Perhaps a little ambitiously, we decided to take the train from Chaminox to the Mer de Glace (glacier) and then tackle one of the hikes in the alps.  We couldn’t help but get caught up in all the expedition atmosphere: the signs around the village warning about how to hold your ice pick in public, the uber-hiking boots worn by everybody, the rock climbing rope end-of-season sales, and Sir Edmund Hilary-wanna-bes in the village.

The sight of the glacier was a little disappointing.  The HUGE valley carved deep by ice….and then the little itty bitty glacier up the top of the valley.   Uh oh, lucky we visited now ’cause climate change is killing that kitty kat.  Its more like an ice cube than a glacier.

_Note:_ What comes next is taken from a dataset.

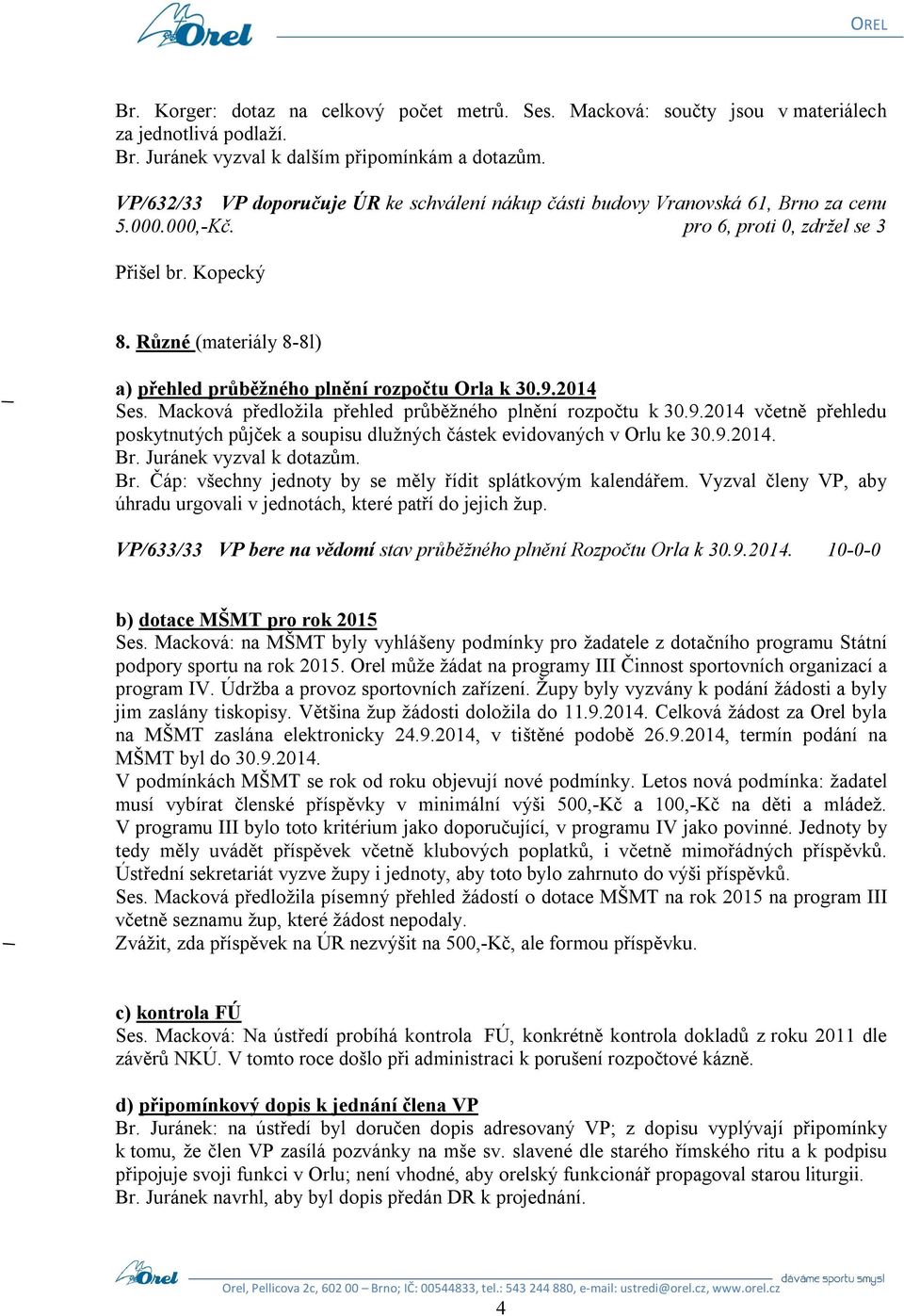 Různé (materiály 8-8l) a) přehled průběžného plnění rozpočtu Orla k 30.9.2014 Ses. Macková předložila přehled průběžného plnění rozpočtu k 30.9.2014 včetně přehledu poskytnutých půjček a soupisu dlužných částek evidovaných v Orlu ke 30.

So, on advice of the sign at the start of the path, we followed the suggested itinerary to the Temple de la Nature.   What a bad idea that was…one hour in, and the sides of the track get narrower, and narrower, and steeper and steeper, and higher and higher, and – as usual – my mind starts predicting the worst:  “If one of us slips and falls, who knows where here???   How would I get help?”  That’s when I wondered where all the trekkers had gone?  One lone, young lady, who looked like she was planning to sleep up there, on the side of the alps was the only person we saw the entire hour into the walk, sorry, expedition.

The narrower the track got, the more I wanted to dump the promised panoramic views, and join the beginners track….one hour back where we started.

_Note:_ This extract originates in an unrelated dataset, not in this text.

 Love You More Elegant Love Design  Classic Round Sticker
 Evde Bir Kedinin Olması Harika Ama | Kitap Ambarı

Naturally, my increasingly intense whinging and stories of doom reached fever pitch and the keenly sought after tipping point, as they say, that we agreed to go back and follow the beginners track.

I don’t have photos of the first track we followed, because I needed both hands to balance and not slip off the slide of the alp into the glacier.

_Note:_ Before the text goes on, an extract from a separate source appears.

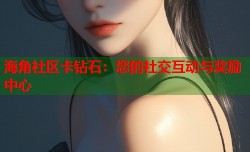 海角社区卡钻石：您的社交互动与奖励中心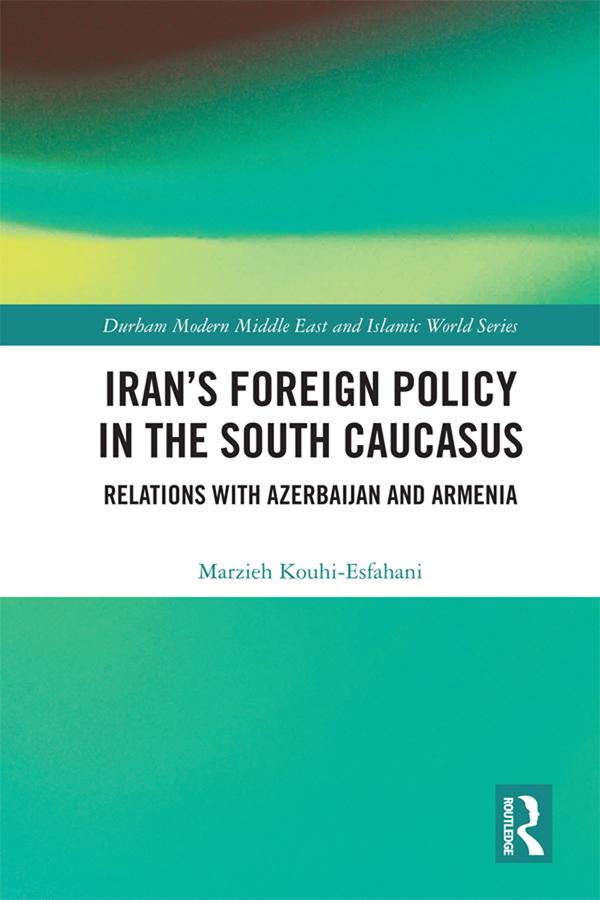 Iran's Foreign Policy in the South Caucasus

I do, however, have photos of us on what they called, the beginners track:

Helicopters were buzzing around us, practicing their mountain rescue skills.   It was comforting to know that if we got ourselves into a scrape, then help was not far away.

At the altitude of the track above the Chaminox Valley, I was cured of my desire for paragliding (given we were at many stages above the altitude of the paragliders) and seeing the helicopter fall down the valley, cured me of my wish to take a helicopter ride around the alps.

Arrived back in the Chaminox Valley, and collapsed for a drink.   A group of Brits sat at the table next to us, with their paste-y white skin, wearing Tenzing Norgay-ice expedition sunglasses, hiking boots, hiking pants, and ice picks.   …..but there’s always one in every crowd, isn’t there.  One guy, was so badly sunburnt, it was hard to even look at him.   He went off to a farmacie to buy a hat.   He returned with one of those pre-school kiddie, flap-type hats, and told his group that the pharmacist had told him:   Too late.     You think????

In an earlier post, I’d hinted that France would be even better, if Italians were running it.   Wouldn’t you know it, but the very next day, every french person who served me at the cafe, restaurant, supermarket, hiking store, was really really helpful.

Am slowly making my way through every pastry offered for sale in the village bakeries.  Haven’t encountered a bad one yet 🙂

Raspberry Tart:

Chocolate Fondant:

And am continuing my quest to acquire every possible pillow perfume in the world:

Dinner has mostly been a picnic on our balcony, but tonight is the second last night in France, so we’re off to have our apertivi in the piazza and then savour more cheese saturated steak….mmmmm.    It is good though in the evening to eavesdrop on all the hikers conversations and pictures of their day hiking on the glaciers and the mountains.  Now, if eavesdropping was a sport, I’d be a gold medal winner every time!!